RJM posted:2019Lefty21 posted:Pedaldad posted:
Personally, I never write for opioids for anything other than significant trauma and post-operative pain control. Very rarely more than a few days, never more than 2 weeks even in the most dire injuries/surgeries. Heaven forbid you show up on the operating table with a crushed limb. But if you do, I promise you that you part of your medical management will include a scheduled regimen of opioids to assist in pain control. I will promise you that you will appreciate it.
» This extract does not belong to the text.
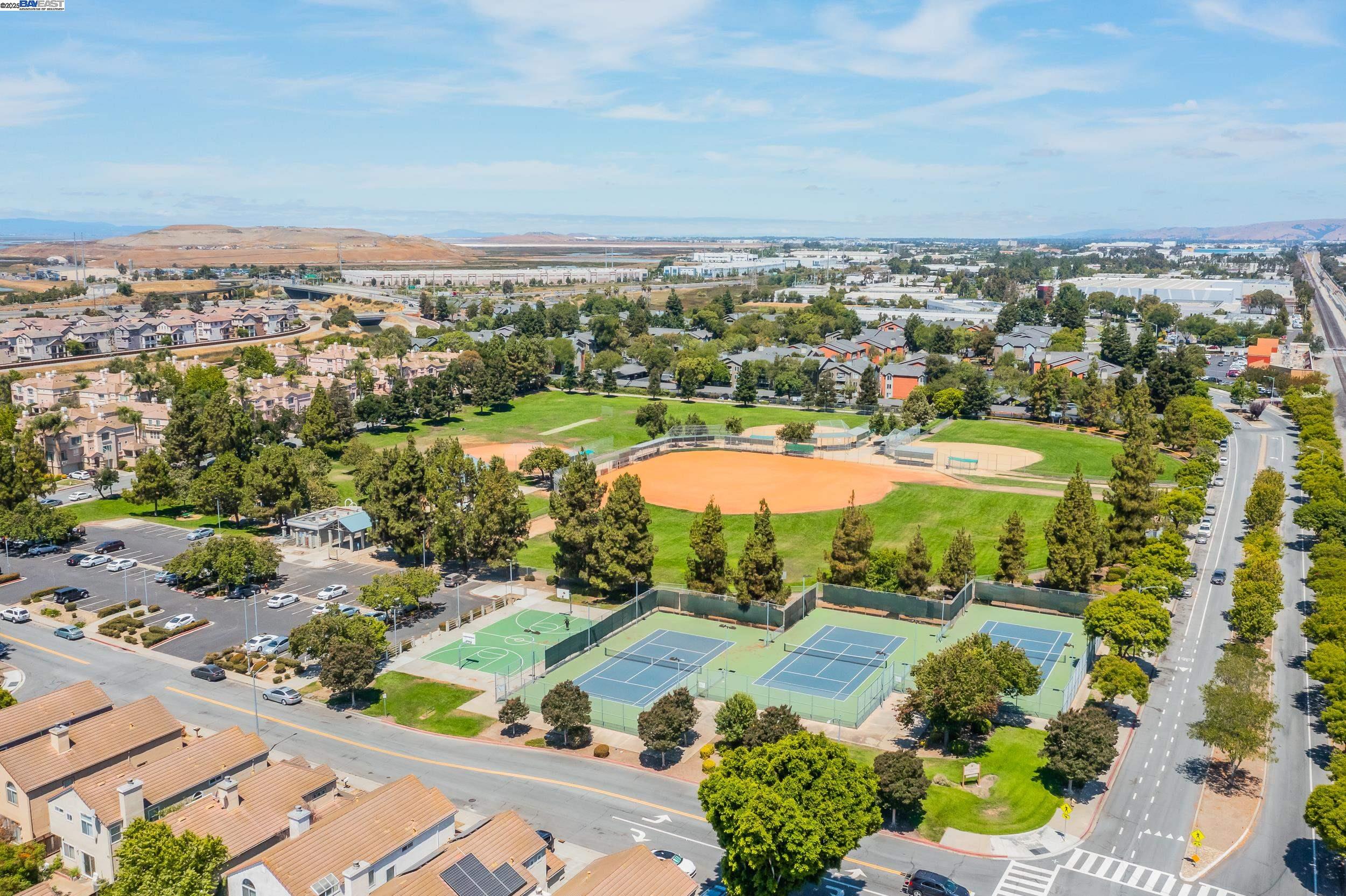 Detail Gallery Image 33 of 33 For 1355 Elkwood Dr, Milpitas,  CA 95035 - 3 Beds | 2/1 Baths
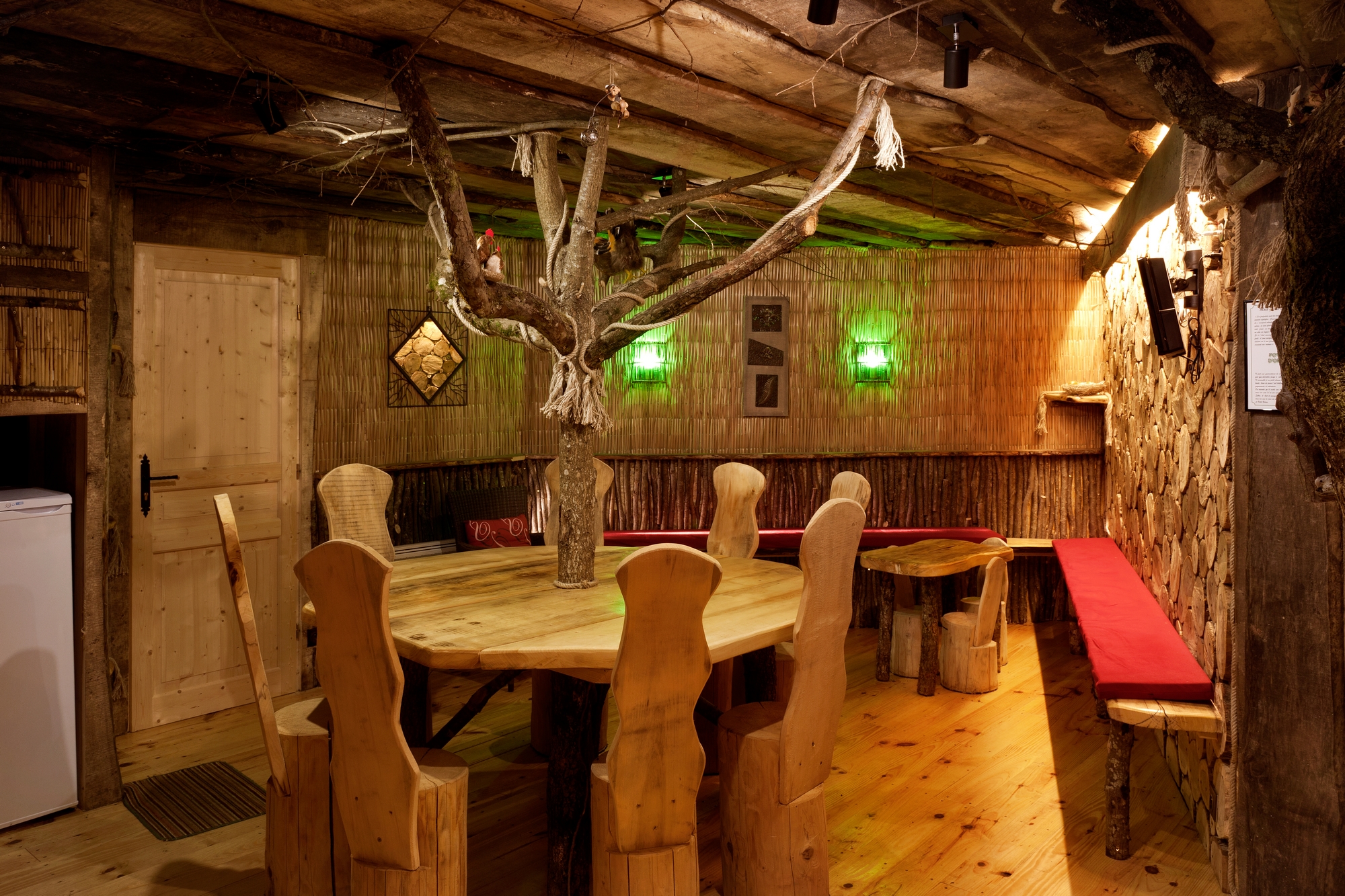 Évasion dans une cabane végétalisée : Maison des Farfadets à Dienne — espace de vie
I also promise you that if written responsibly by the physician (almost always the case) and if you follow that regimen (less frequently the case), you will run little to no risk of addiction. If you abuse/misuse it, that is where the problem is.
I have had major surgery including brain surgery as a result of a tbi from a fall, and have been able to avoid taking opioids as a personal choice and have gotten through the pain management issues, but how do you tell someone else to “suck it up buttercup” and avoid things they are prescribed? I have a son who is a freshman in college, and will now be receiving treatment from trainers and doctors away from me if necessary, and reading this thread scares the hell out of me. From a doctors standpoint, if you try to manage pain from surgery under a lesser painkiller will the pain eventually go away as the surgical wounds heal? Just trying to understand why anyone would ever want to risk the opioid addiction?!
I sucked it up post aortic dissection surgery after being sent home. I have a very high pain tolerance level. During my five week recovery at the hospital and rehab I was given Percocet for five weeks. But being in the hospital it was monitored. My cousin, a doctor took the Percocet away from me when I went home. He called the hospital and told them to prescribe something less dangerous. I went through withdrawal. It was a pleasant distraction from my recovery (sarcasm).
The problem is patients back on their own, unmonitored with powerful, addictive medications. Relative to baseball you can’t just send a player home post TJ surgery with powerful, additive meds and expect everything to be ok. He wants to get back on the field as soon as possible before he loses his job. The player has to be monitored for signs of addiction.
I can fully understand a person playing around with levels of medication and thinking they’re smart enough to handle it. I did it while dealing with negative side effects. But I wasn’t playing around with opioids.
I can't explain the choice to keep someone on Percocet five weeks post surgery, especially not for aortic dissection surgery. Without knowing the details, this does not seem appropriate.
As to why to take pain med post procedure:
There is a real risk of developing a pain syndrome if you are under medicated during a serious injury or post surgery. Complex regional pain syndromes (CRPS) are rare but very real in the extremities. So let us assume pitcher x has a UCL repair (Tommy John) and has fear of opioids and chooses just to "deal with the pain". There is increased chance that this individual develops CRPS.
Imagine a grown athlete that comes in a few weeks post surgery crying in unbearable pain with his throwing arm wrapped in a pillow because even the breeze of a fan causes an intense sharp, stabbing pain that can't be stopped. This is a rare but real entity post injury/surgery. Talk to someone who has had it and you will come across people in extreme desperation.
Now you are facing being unable to work, sleep, drive, or even move because every small stimulus creates so much pain that it takes over your life. You start to self medicate with alcohol or whatever you can get your hands on. Your hope changes from full recovery and return to the field to maybe someday just being able to get back to normal daily activities. Individuals have even committed suicide because of the despair.
Generally, I advise my patient to take their prescribed pain med for the day of surgery/injury, the day after surgery/injury, and beginning day 3 to take it only if needed. Most individuals will turn a corner about 3-5 days after surgery, once the inflammatory phase of healing has been passed. That does not mean they are pain free, but have enough reduction in acute pain that they don't need medicine. The need to take opioids beyond this point starts to raise flags for me.
There are medicines that can assist in pain control, but in my world we generally avoid NSAIDS (ibuprofen, naproxen, etc) if bone is involved because it adversely affects healing times. Other meds also have potential for abuse and intravenous tylenol is sometimes employed to reduce the quantity of opioids required for pain control in extreme situations.